Juvenile worker convicted of molesting girls

NEW YORK

The trial of Tony Simmons was closely watched by women's advocates.

His accusers testified that Simmons abruptly began fondling them after taking them aside in the Manhattan Family Court building. At the time, they were 15 and 16. His city Department of Juvenile Justice job entailed bringing the girls to court and supervising them there.

Simmons' lawyer said the accusers were troubled girls who made the allegations hoping to get out of custody or get a lawsuit payout.

The case sparked an outcry from the district attorney and women's rights activists, after Simmons pleaded guilty to rape and other charges in September and was promised a no-jail sentence. A judge rescinded the deal last month.

Jurors heard none of that, as Simmons' guilty plea had been voided.

They did hear from his three accusers, now young women.

One testified that he made advances that ended with her performing oral sex on him in a locker area. Another said he groped her in a kitchen after asking her to help him unload a cooler of food. Simmons "is a nasty dog. I have to get out of here," she wrote in a note to a female worker shortly afterward.

A third said Simmons raped her in a courthouse elevator.

Simmons preyed on girls who had problems - one an admitted prostitute, another the daughter of a gang-member mother - and figured they wouldn't tell or be believed, prosecutors said.

"He rolled the dice one too many times," Manhattan assistant district attorney Evan Krutoy said in a closing argument Thursday.

But Simmons' lawyer, Gregory Watford, told jurors the women's accounts were tainted by ulterior motives.
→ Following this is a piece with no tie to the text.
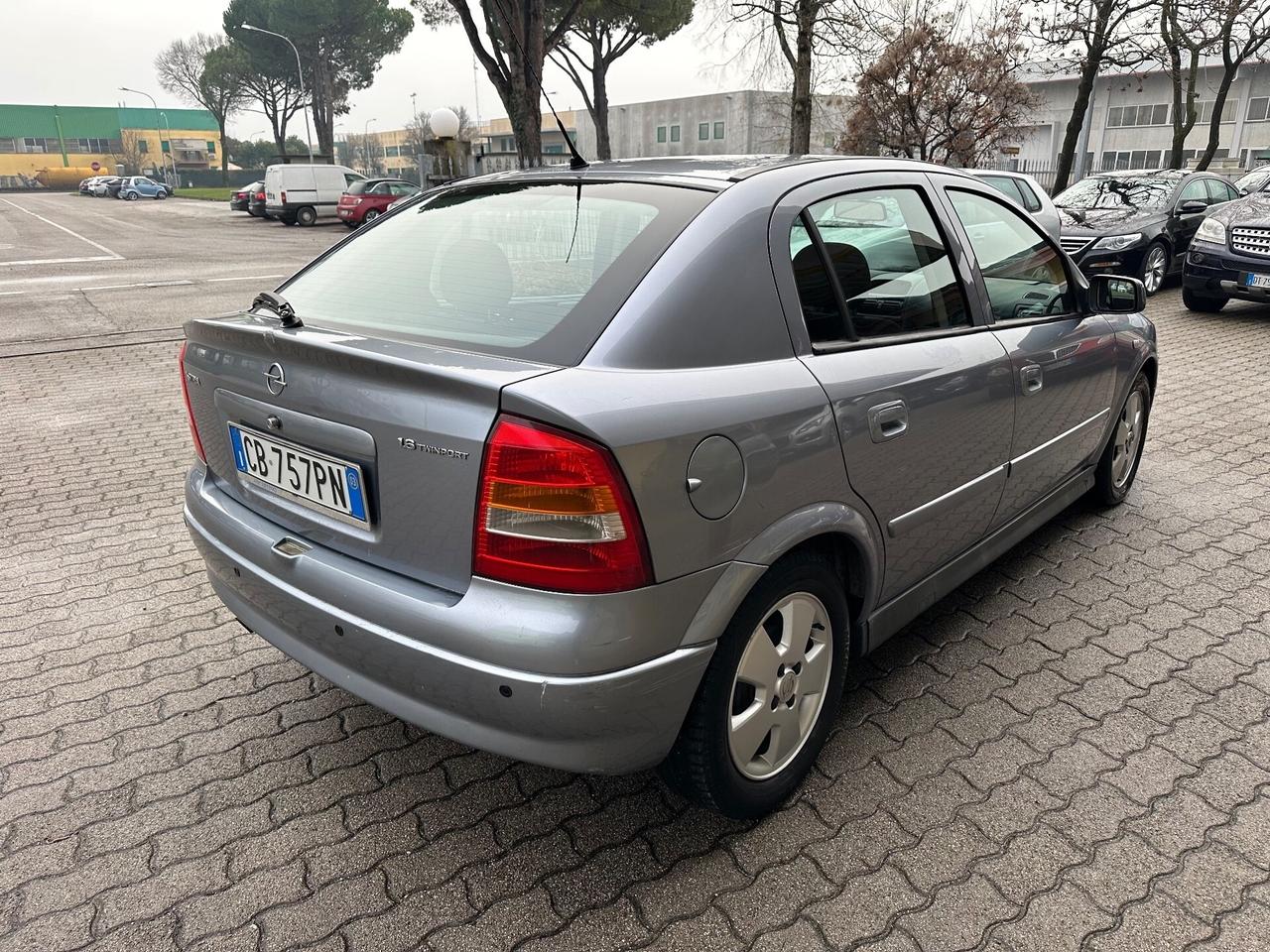 Opel Astra 1.6i 16V twin port cat 5 porte 'Njoy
The accusers who described encounters in the locker room and kitchen were desperate to get out of juvenile facilities, Watford said. The third woman was trying to reap millions of dollars in a lawsuit against the city, he said.

"This case is all about credibility," Watford told jurors in his summation Thursday.

Simmons didn't testify at his trial. Before his guilty plea was scrubbed, he told probation interviewers the girls had enticed him, claiming one thanked him after he allegedly raped her, according to state Supreme Court Justice Cassandra Mullen, who initially sanctioned and then nixed his plea and promise of 10 years' probation. She said she changed her mind because Simmons showed a "disturbing" lack of remorse during the interviews.

Manhattan District Attorney Cyrus R. Vance Jr. had blasted the probation deal as "outrageously lenient," the Daily News had scorned it in an editorial, and National Organization for Women members and others had demonstrated outside the courthouse.

Simmons was suspended and then assigned to desk duty after the allegations emerged in July 2008, authorities said. He resigned in September as the Juvenile Justice Department was moving to fire him, the agency said.